沒有標記數據集，如何做大模型指令微調？介紹一款有潛力的標記數據集生成模型

發布于 2024-6-20 09:49

瀏覽

0收藏

在構建大模型應用時，通常有兩種方式來改進效果，一種是構建外部知識庫，利用RAG來完成。但RAG并不是萬能的，對于特定領域的LLM應用，以及無需示例，就能完成特定任務等場合就需要進行微調。然而，微調本身相較于RAG來講，需要更多的算力資源和時間周期，但更大的瓶頸在于微調需要標記過的樣本數據。這對于很多企業來講，很難有這樣高質量的數據積累，他們的數據通常是未經標記的，可能是一篇一篇的文章或者規章制度，并不是以問答對的方式而存在。

為了完成微調，傳統做法就是通過人工的方式進行問答對構造，在此基礎上斯坦福研究團隊也提出了Alpaca使用GPT-4這樣的強模型模仿種子樣本生成標記數據集。

沒有標記數據集，如何做大模型指令微調？

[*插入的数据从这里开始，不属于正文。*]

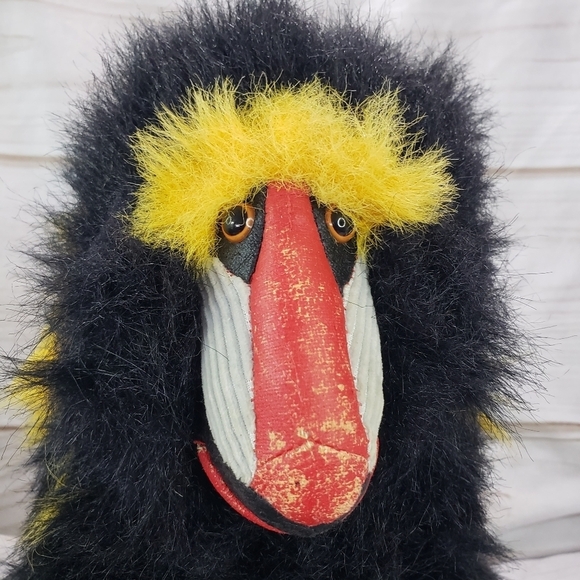 Ganz Heritage Collection Monkey Baboon Plush Stuffed Toy 12 Inch 1983 Vintage - Picture 2 of 10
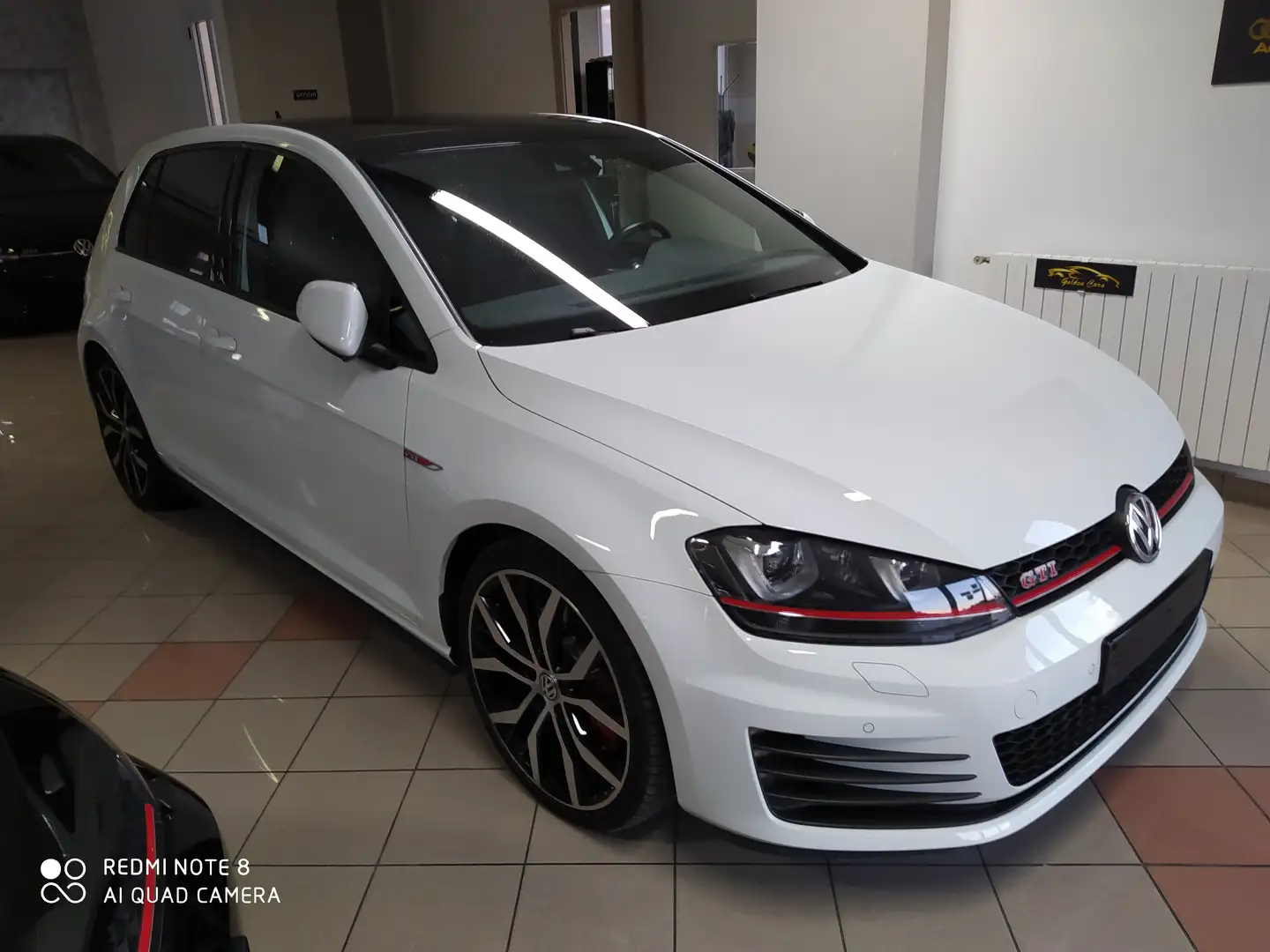 Volkswagen Golf GTI Golf 5p 2.0 tsi Gti Performance Bianco - 1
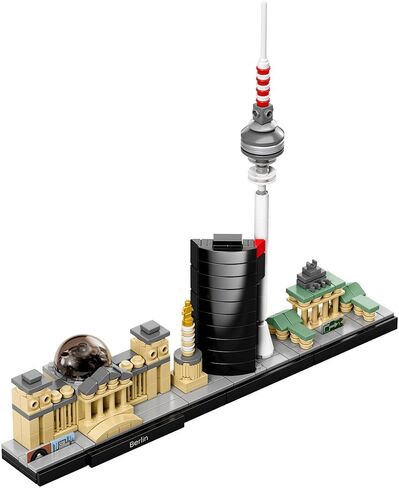 LEGO Architecture Berlin 21027 in Saudi Arabia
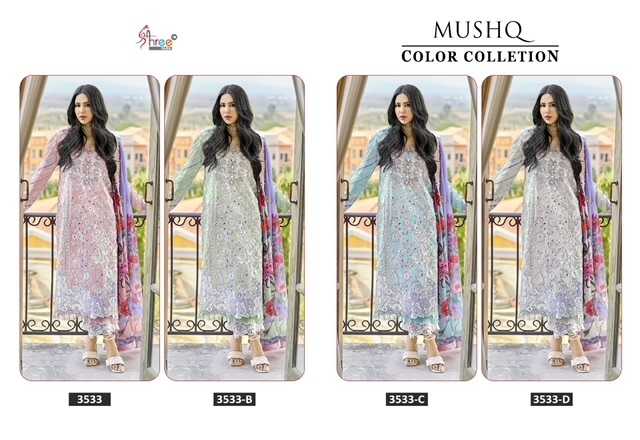 SHREE-FABS-MUSHQ-COLOR-COLLECTION-3533-SERIES-3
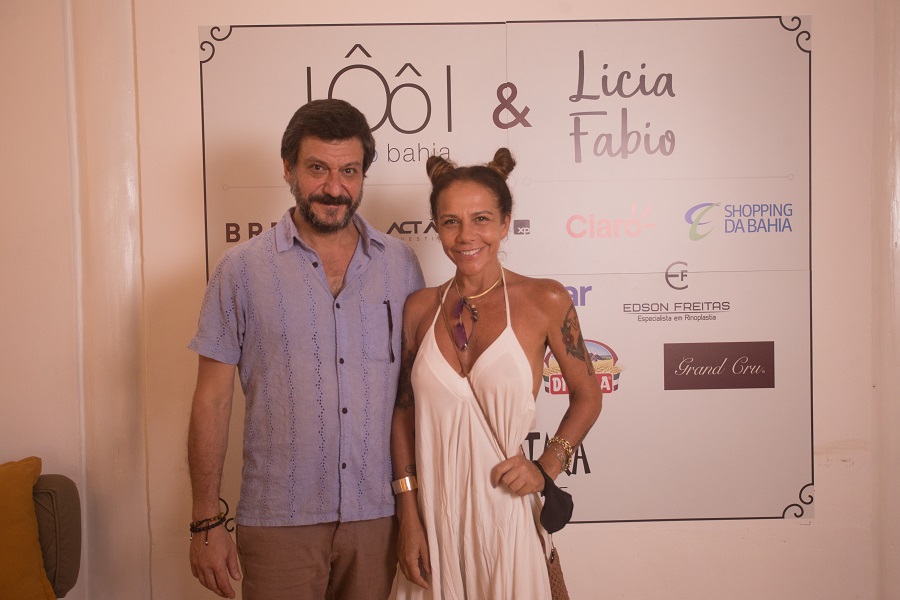 Elie Werdo Júnior e Paola Vigorito                                            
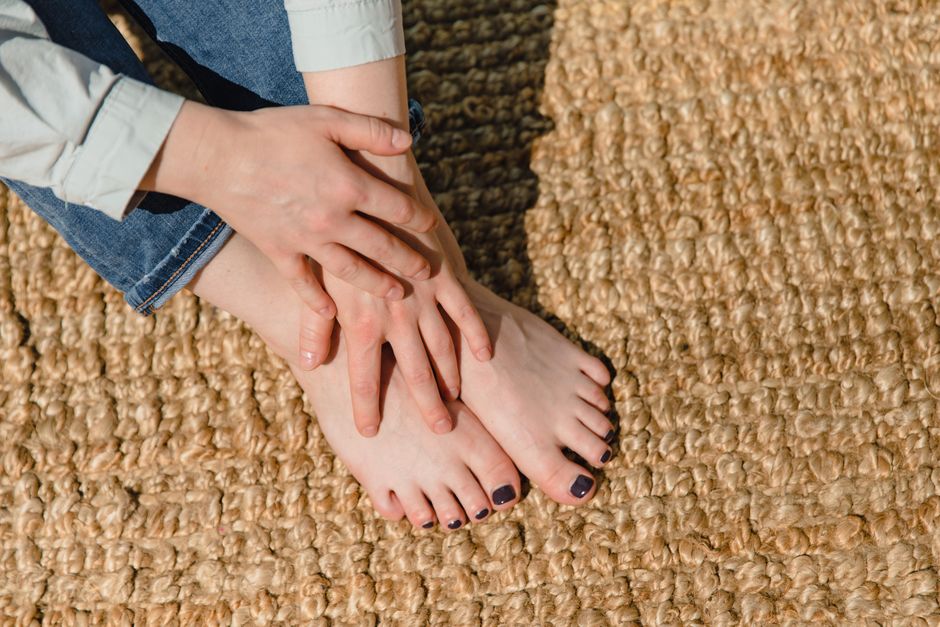 Warm Foot Soak for a beginner routine — wellness · Relaxation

介紹一款有潛力的標記數據集生成模型-AI.x社區

??https://arxiv.org/pdf/2402.18334??

筆者介紹一個新的樣本數據生成的項目Bonito（https://github.com/BatsResearch/bonito），一個用于條件任務生成的開源模型，它可以將未標注的文本轉換為特定任務的訓練數據集，用于指令微調。根據論文介紹，該模型本身是在 mistralai/Mistral-7B-v0.1 的基礎上，利用包含 165 萬個示例的數據集（https://huggingface.co/datasets/BatsResearch/ctga-v1）進行微調，支持多種任務類型，包括多選題回答、是非題回答、自然語言推理、主題分類等。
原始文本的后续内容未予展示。